Dr Baffoe Gyan, Professor Martin Tamatey, both Heart Surgeons, assisted Prof Frimpong-Boateng to perform the about four-surgery.
Also in the team were Dr Ernest Ofosu Appiah and Mr Tito Nto, both Anaesthetists, Mr Roger Godson, a Clinical Perfusionist and four nurses.
Walking journalists through the surgical procedures, Prof Frimpong Boateng said the patient was first put to sleep, then cleaned up and dripped before his chest and heart were opened up to replace the mitral valve. He was then closed up for the heart to assume its function.
“Let me add that at a point, we had to use a machine to perform the functions of the heat and lung so that we would be able to stop the heart and open it,” he explained.
“We cooled the body to about 28 degrees Celcius to preserve it, and then cooled the heart to about 10 degrees for it to stop so that we could empty it of the blood it was carrying, to enable us to replace the valve.
“When we were done with this, we warmed the heart and the body to their original temperatures and restored their functions to them and stopped the machine”.
The patient would be kept at the Intensive Care Unit for between three and four days, after which he would be transferred to the recovery ward.

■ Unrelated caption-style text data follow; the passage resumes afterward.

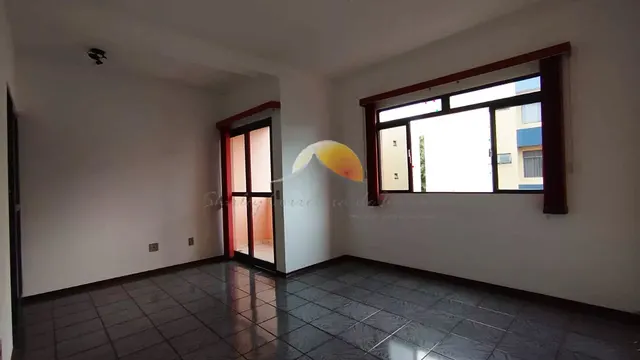 Foto 1 de Apartamento de 3 quartos (1 suíte) com sacada, Varginha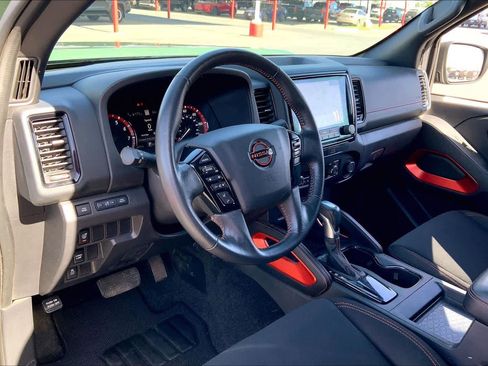 Used 2022 Nissan Frontier Pro-X w/ Technology Package RWD image 18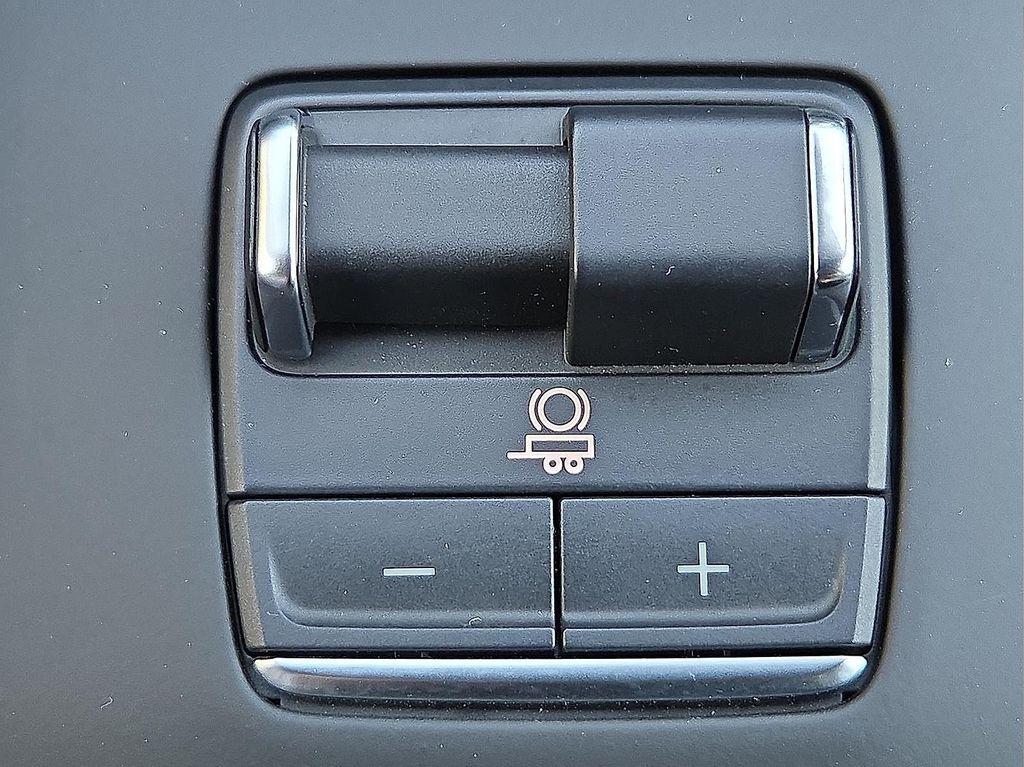 used 2025 GMC Sierra 2500 car, priced at $78,077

The Renowned Cardiothoracic Surgeon said the valve would serve him for the rest of his life and would not make him prone to any heart disease, but rather improve his condition.
“Such surgery would have cost between, $50,000 and $ 70,000 abroad, but in Ghana, it would be less than half that bill,” he noted.
He, therefore, advised those diagnosed with such conditions to seek treatment locally.
The Providence Specialist Hospital, he said, would collaborate with its counterparts in the country towards making heart surgery more accessible to the public rather than competing with them.
Prof Frimpong-Boateng expressed concern about the inadequate heart centres and specialists across the country and, therefore, commended the introduction of free postgraduate training to address the situation concerning specialists.
He lauded the diverse contributions of President Nana Addo Dankwa Akufo-Addo, former Presidents John Agyekum Kufuor and Jerry John Rawlings, as well as Mr James Osei Brown and Mr Kwasi Osei Ofori towards providing open-heart surgeries for patients in Ghana.
Madam Comfort Bawa, a Cardiac Ward Nurse, explained that mitral valve disease could be acquired through poor eating habits, especially the consumption of a lot of oily and fried foods and the drinking of excessive alcohol.
One could also be born with it.
“Though I do not know what caused our patient’s condition, he reported that he had suffered from it for about 20 years now, therefore, this will be a great relief to him,” she said.
She advised Ghanaians to exercise for at least 30 minutes a day while those diagnosed with the condition should promptly seek medical care.